Au journal télévisé du soir, on voit le président inaugurer différents projets d’infrastructure : travaux d’adduction d’eau qui devraient permettre à 80 % de la population du pays de recevoir l’eau potable en 2012, flotte de 150 bateaux de pêche tout neufs. L’agent immobilier Diogo Rodrigues note que le prix de l’immobilier a connu une hausse de 100 % par an au cours des trois dernières années. “Les studios avec mezzanine que nous avons prévendus 350 000 dollars en mars dernier se revendent déjà 550 000 dollars.

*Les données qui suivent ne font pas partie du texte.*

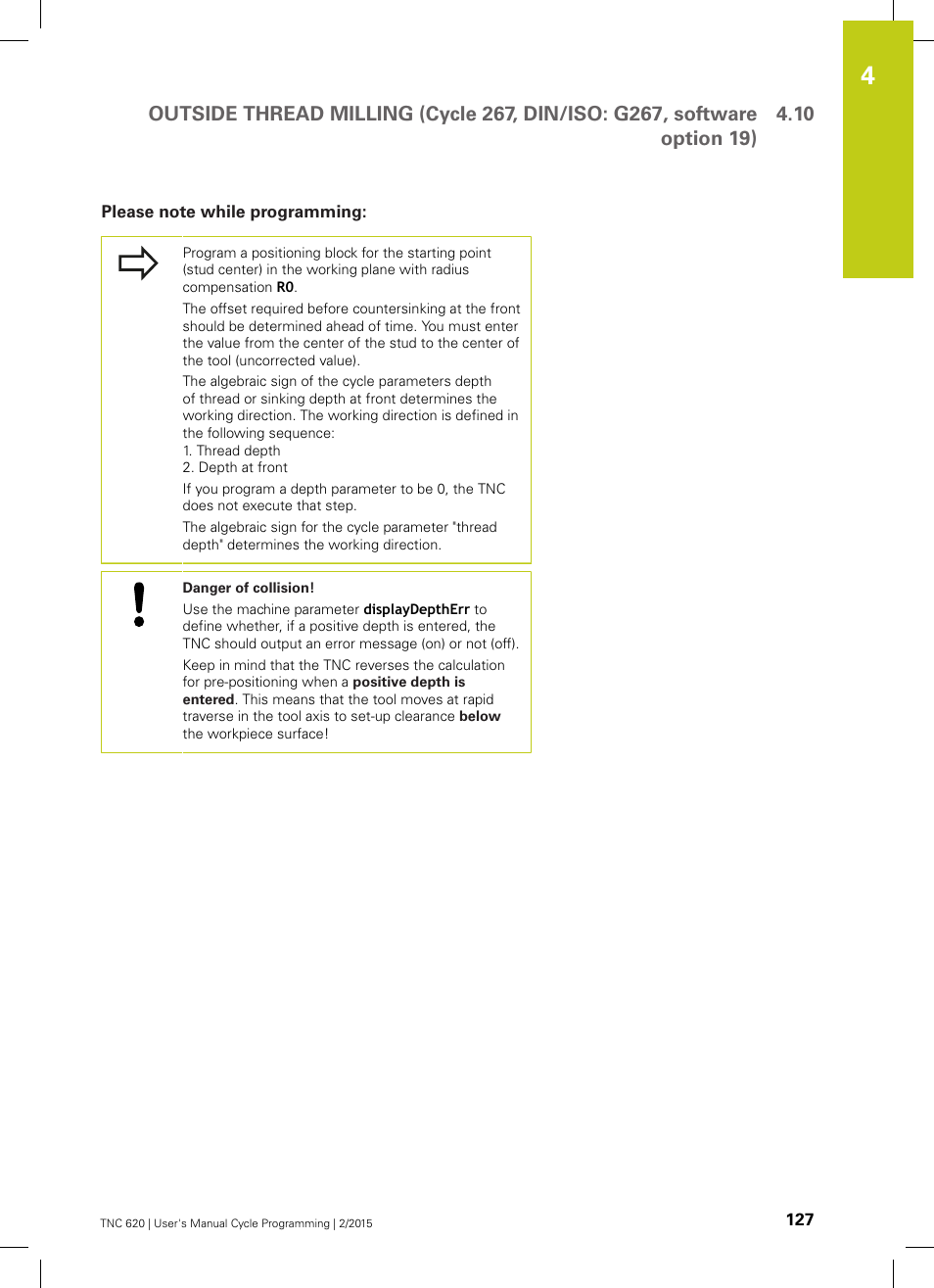 Please note while programming | HEIDENHAIN TNC 620 (81760x-02) Cycle programming User Manual | Page 127 / 490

Nos clients sont des membres du gouvernement, des militaires, des banquiers et des compagnies pétrolières. Les constructeurs ne parviennent pas à répondre à la demande.” Après leurs réticences initiales, motivées par l’arrivée agressive des Chinois en Angola il y a trois ans, les diplomates européens se sont rendu compte qu’il y avait suffisamment d’affaires à réaliser pour tout le monde. Dans des interviews, certains approuvent avec insistance le MPLA pour sa volonté affichée d’améliorer la con­dition des plus pauvres grâce à un effet de répartition des richesses par capillarité. L’un des diplomates demeure cependant sceptique : “L’idée de construire des routes, des hôpitaux et des écoles est formidable, mais il faut aussi des infirmières et des professeurs, et on ne sait pas très bien où ceux-ci vont être formés.”

L’homme d’affaires britannique Tom Gowans, qui vit en Angola depuis quinze ans, affirme que le président dos Santos apporte “une solution africaine à un problème africain”. Gowans, qui loue des générateurs électriques, explique : “Quand vous encouragez l’investissement, vous mettez un terme aux conflits. Nous avons amené l’électricité dans l’enclave de Cabinda – une région où existait autrefois un fort mouvement indépendantiste. Maintenant que la région est électrifiée, les investisseurs arrivent, on crée des emplois et il y a de la bière fraîche au frigo.”

Si les diplomates européens et les entrepreneurs locaux et étrangers ­couvent d’un œil gourmand le boom pétrolier, universitaires et militants des droits de l’homme ont une vision moins enthousiaste. Un économiste, qui a demandé à ne pas être identifié, déclare que le gouvernement a “vendu l’âme de l’Angola aux Chinois, qui construisent des routes et des infrastructures de mauvaise qualité qui vont commencer à se désintégrer dans cinq ans”. Il ajoute que 80 % des revenus du pays proviennent du pétrole : “Il faudrait en faire beaucoup plus, et de façon urgente, pour diversifier les sources de revenus. Ce qui inquiète le plus les Angolais, c’est le soupçon que le gouvernement n’a construit tout cela que dans le but de remporter les élections.” L’opposant Carlos Leitão prédit que les élections législatives du 5 septembre – qui devraient être suivies l’année prochaine par une présidentielle – seront probablement entachées de “fraudes massives”.

“Le MPLA tient à être le seul parti aux commandes, martèle-t-il. Il a acheté une grande partie de l’ancienne opposition et divisé le reste. Il a recours aux passages à tabac, aux intimidations et aux assassinats. C’est un parti qui n’a rien de démocratique.”